In contrary to a lot of analyst reports, high street sales seemed to hold strong over the winter. While GFK consumer confidence reported a fall of 9 points (year on year) in November 2016, the Christmas sale was down by only 0.1%. Primark reported a 11% growth in sales, which would have been even higher had the sterling not fallen. However, it will be interesting to see how this growth continues into the 2017, with negotiations set to begin.
Bottom line under pressure
October 2016 saw the Marmitegate, which was a standoff between Tesco and Unilever. This was largely due to the rising issue of margins between retailers and producers, which might not be restricted only to Marmite. In this case, both parties held each other off due to the shear negotiation power they hold in the market. If it was any smaller player on either side, they were deemed to get burnt.
Many of our clients, from functions such as logistics and marketing, who had never thought of Forex hedging are now being regularly pulled into related discussions at board levels. Some of our recent engagements have seen large suppliers increasing costs between 3-5%, as they are no longer able to absorb them into their supply chains.
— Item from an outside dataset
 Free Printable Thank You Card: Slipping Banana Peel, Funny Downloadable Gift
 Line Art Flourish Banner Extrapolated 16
Then there is the skill issue. A large section of our retail labour force, including the shop floor workers, the warehouse operatives and the drivers, are facing an uncertain future. There are multiple reports highlighting a shortage of such skills in the UK labour market. This is bound to hit the bottom line in the short term.
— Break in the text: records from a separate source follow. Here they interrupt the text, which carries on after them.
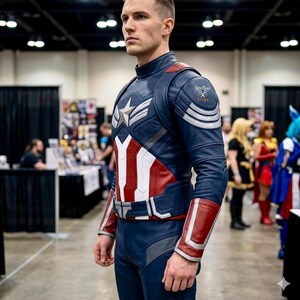 Puede incluir: Una chaqueta de estilo cuero en azul, rojo y blanco con un emblema de estrella plateada en el pecho, detalles plateados en los hombros y un cintur&oacute;n. El hombro izquierdo muestra el texto Stellar Props con un icono de tijeras. Manga larga.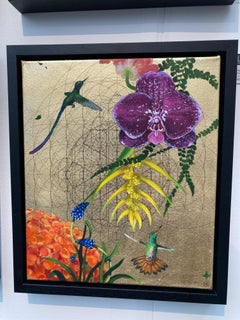 Aurum 2 - Botanical Opulence, Geometry & Birds: Acrylic, Ink & Gold on Canvas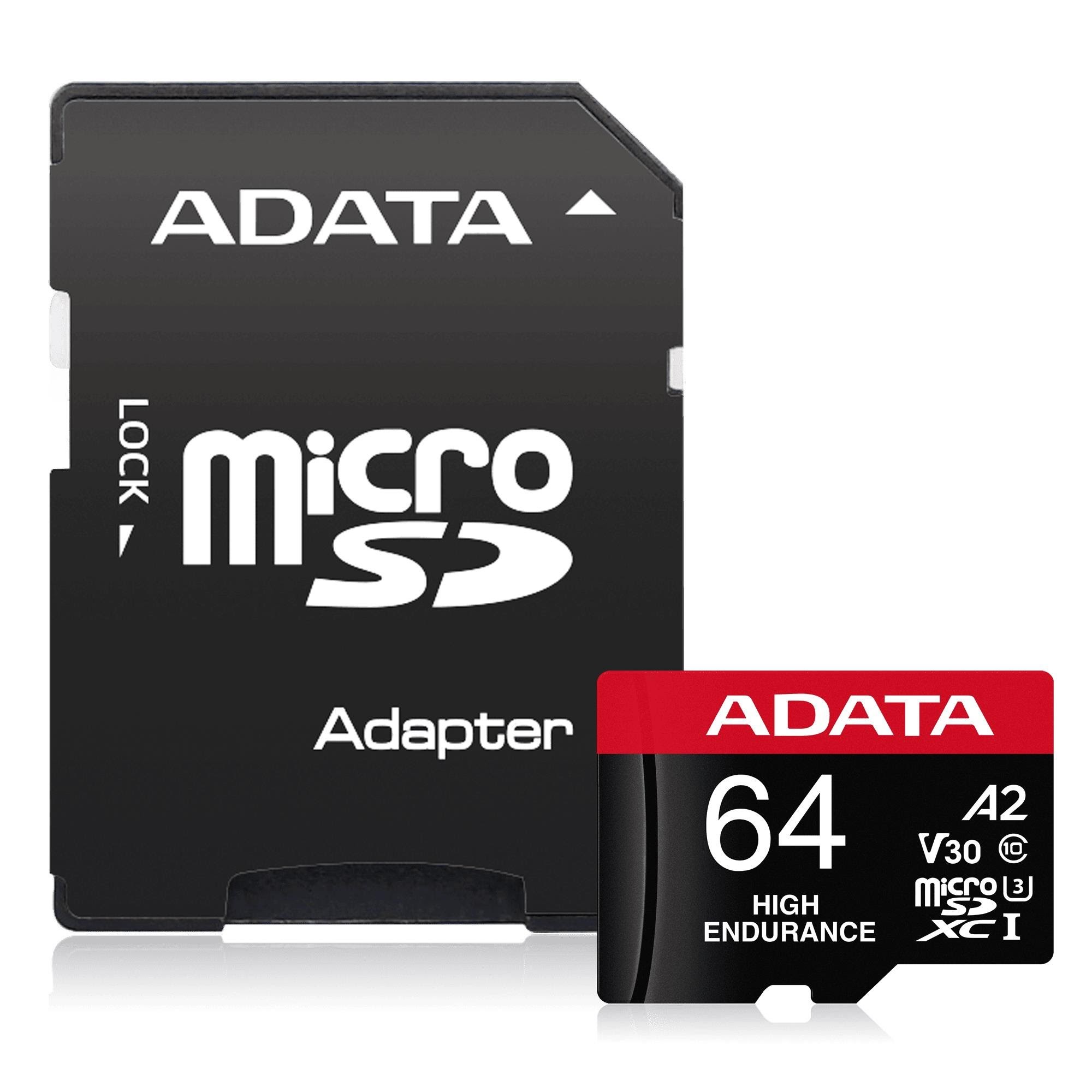 A-data High Endurance Microsd/sd - 100mb/s - 64gb - Speicherkarten Ausdx64gui3v30sha2-ra1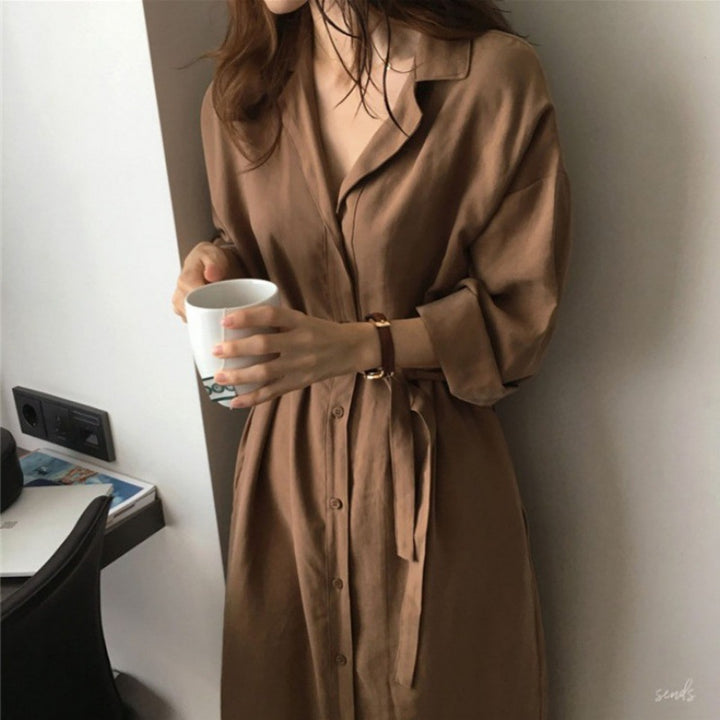 Women's Shirt Dress with Tie Belt and Casual Three-Quarter Sleeves Mune Fashion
Though these impacts vary based on products, they need to be analysed based on the length of the supply chain and which countries it touches. Never has there been a stronger need to have a full understanding of a supply chain, to understand and prepare for the risks ahead.
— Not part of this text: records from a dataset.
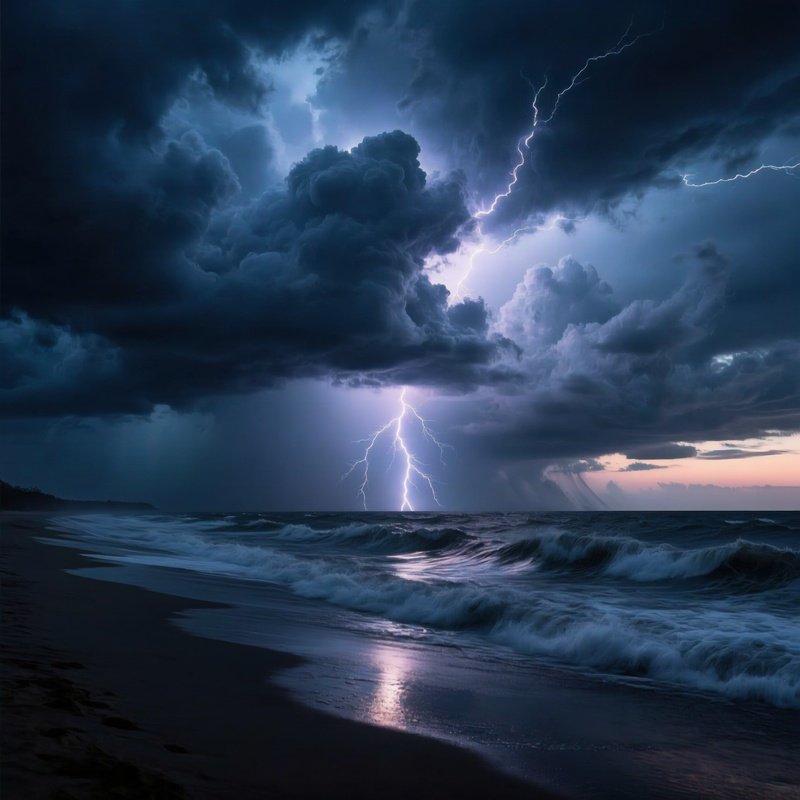 Dramatic Beach Scene At Dusk With Storm Clouds Lightning And Turbulent Sea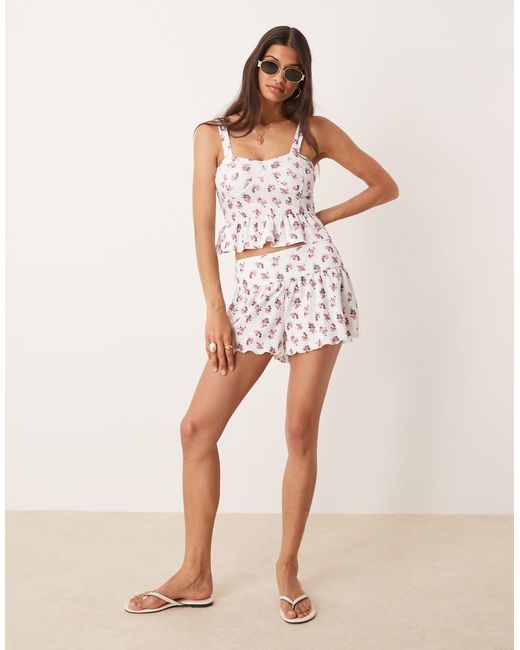 ASOS Multicolor Textured Milkmaid Cami Corset Top With Frill Hem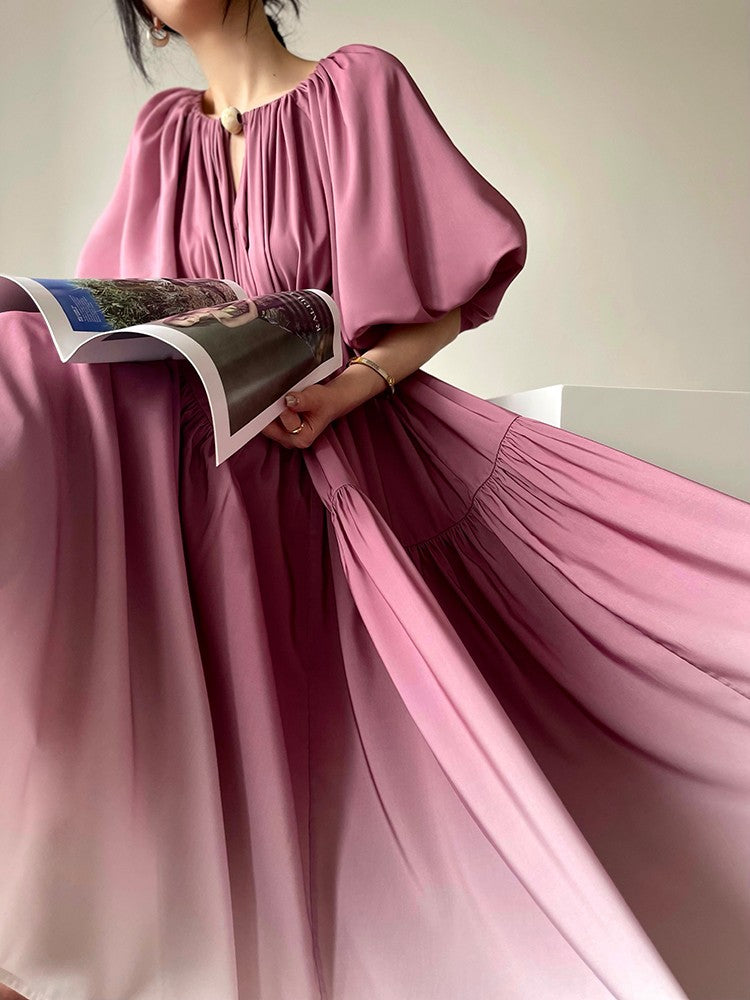 Aconiconi｜Grape Cotton Cloud Ombre Dress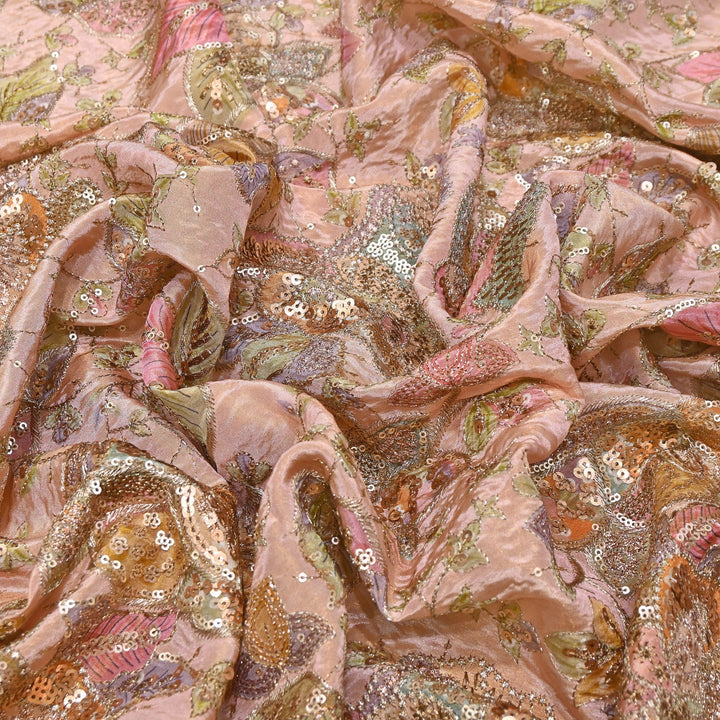 Tissue Position Print Zari & Sequins Embroidery | Designer Fabric | V12804C-01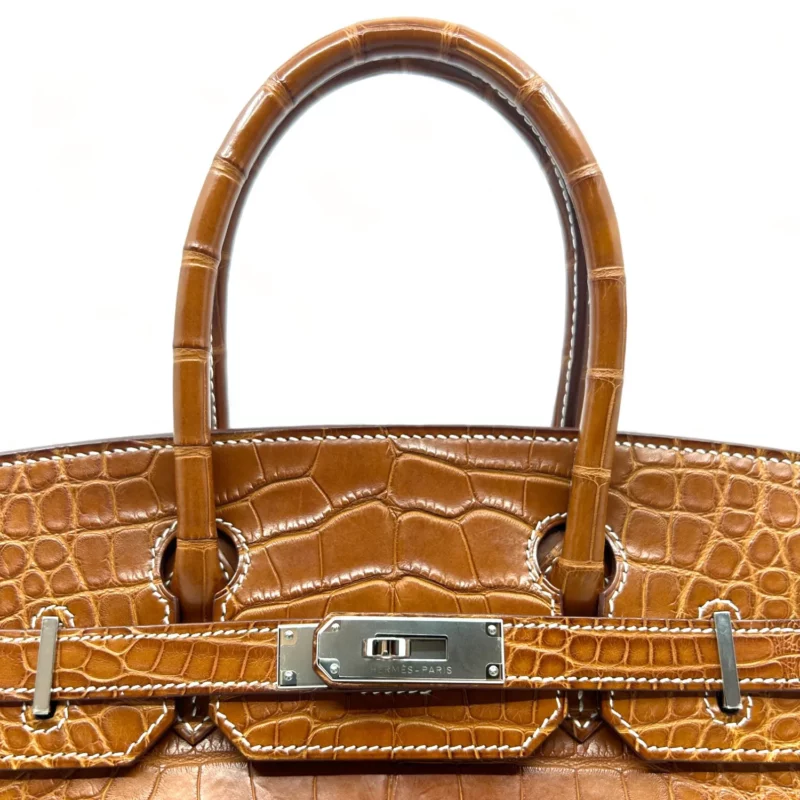 Birkin 30 Barenia Alligator Mat PHW – Image 5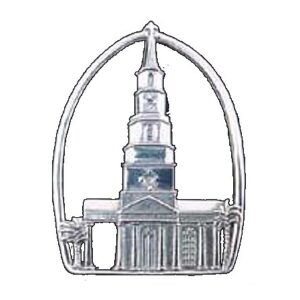 St Phillips Episcopal Church Sterling Ornament 2000 by Hand & Hammer #2637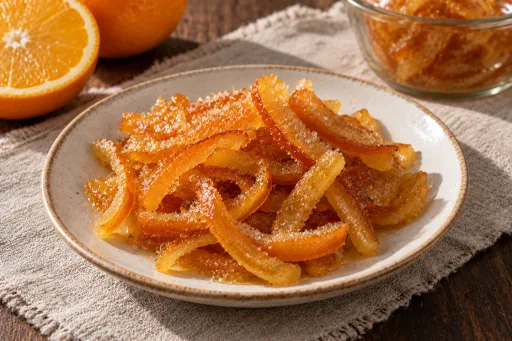 Cortezas de naranja confitadas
Increased cost price is one of the, if not the most, important talks of the town in the last year or so. 4C Associates have been working with our clients largely on understanding the right cost models, the potential impacts and mitigation projects. It is estimated that most of UK retailers buy at least 15% of their products internationally, with over 8% from the EU. However, they will need to understand the threat on the remaining 85% of British produce as well, as they might have roots in the EU. There might be an opportunity in revisiting the logistics network and transport model to achieve optimisation.
It is important for retailers to measure their exposure to the skillset under risk. Whether this calls for more automation is another question altogether. But in the short term, retailers need to measure their exposure across their supply chain. Even if your suppliers manage delivery of products to your warehouse, if there is a shortage of drivers, your business will be impacted by it. It might be important to analyse your contracts and map your capabilities for the next few years.
It is important for retailers to understand the change in sales pattern by products and customer groups in the last year. With most of the retailers having multiple channels, it might be a good idea to understand the shift in customer preferences. This will help in redefining the customer propositions to maximise top line.
Brazing for Impact
In the last 6 months, we have seen more of our clients reconsidering offerings and analysing their supply chains on more than 2 levels. With many of our clients and their suppliers already running tight ships on tighter margins, they will need to get more innovative to keep any increases from the customers. However, with multiple scenarios emerging post Brexit, it is even more important to model the most probable one, identify the right levers and braze for impact.